Project 4: Mushroom Classification

Overview

This project performs exploratory data analysis and classification modeling on the UCI Mushroom Dataset. The goal is to predict whether a mushroom is edible or poisonous based on its physical characteristics using a Decision Tree Classifier.

Dataset

The Mushroom dataset was loaded directly from the UCI Machine Learning Repository and contains 8,124 observations with categorical features describing attributes such as cap shape, odor, gill color, habitat, and more.
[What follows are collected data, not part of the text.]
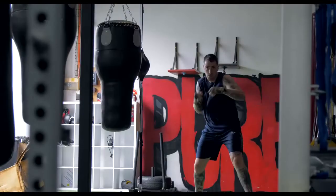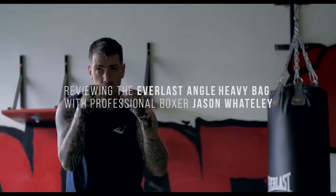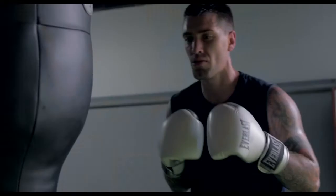With the Everlast Angle Heavy Bag, I use it for combinations. With the long heavy bags, they're great for your normal boxing, but to have this makes it more specific for uppercuts, body shots — you can really make your shots count.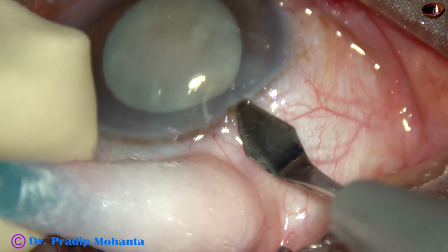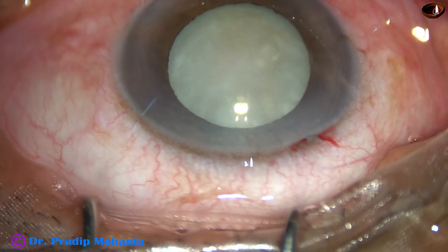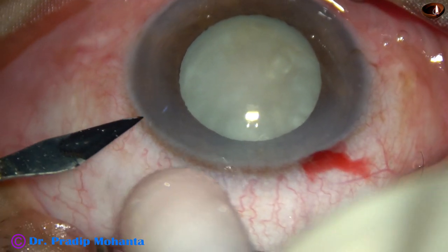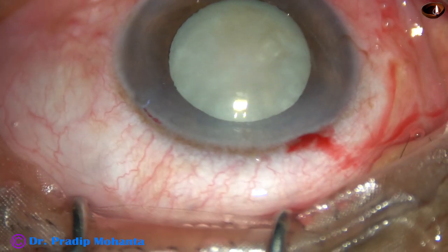This is the main incision with a 2.8 mm steel keratome at the posterior aspect of the limbus. And now, this is a side port, about 3 o'clock hours away from the main incision.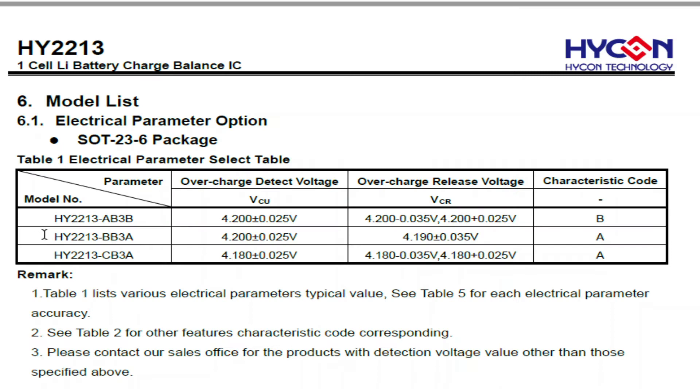The circuit board has a BB3A device fitted. The overcharge detect voltage will be 4.2 volts plus or minus 0.025V, and it will release at 4.19V plus or minus 35 millivolts. So when the chip reaches 4.2 volts, it's going to turn the FET on.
The target variable is poisonous, indicating whether a mushroom is safe to eat or not.

Project Structure

ml04_webb_midterm.ipynb: Main Jupyter notebook containing the full analysis

README.md: Project documentation

Key Steps

  1. Data Import and Inspection
  2. Load the mushroom dataset from the UCI repository
  3. Inspect structure, feature names, and data types
  4. Check for missing values and describe overall dataset composition

  5. Data Exploration and Preparation

  6. Visualize feature distributions using count plots
  7. Identify outliers and patterns in categorical variables
  8. Handle missing values (imputed stalk-root using mode)
  9. Drop uninformative column (veil-type)
  10. Encode categorical features using label encoding

  11. Feature Selection

  12. Selected five key predictors: odor, spore-print-color, gill-color, population, and habitat
  13. Defined target variable: poisonous
  14. Justified feature choice based on interpretability and biological relevance

  15. Model Training and Evaluation

  16. Trained a Decision Tree Classifier using stratified train/test split
  17. Evaluated model performance with accuracy, precision, recall, F1-score, and confusion matrix
  18. Initial model achieved 100% accuracy, revealing potential feature leakage

  19. Model Tuning and Interpretation

  20. Removed suspected leakage features (odor and spore-print-color)
  21. Re-trained Decision Tree achieving 94% accuracy with balanced precision and recall
  22. Visualized tuned tree and interpreted top decision nodes (gill-color, stalk-shape, habitat)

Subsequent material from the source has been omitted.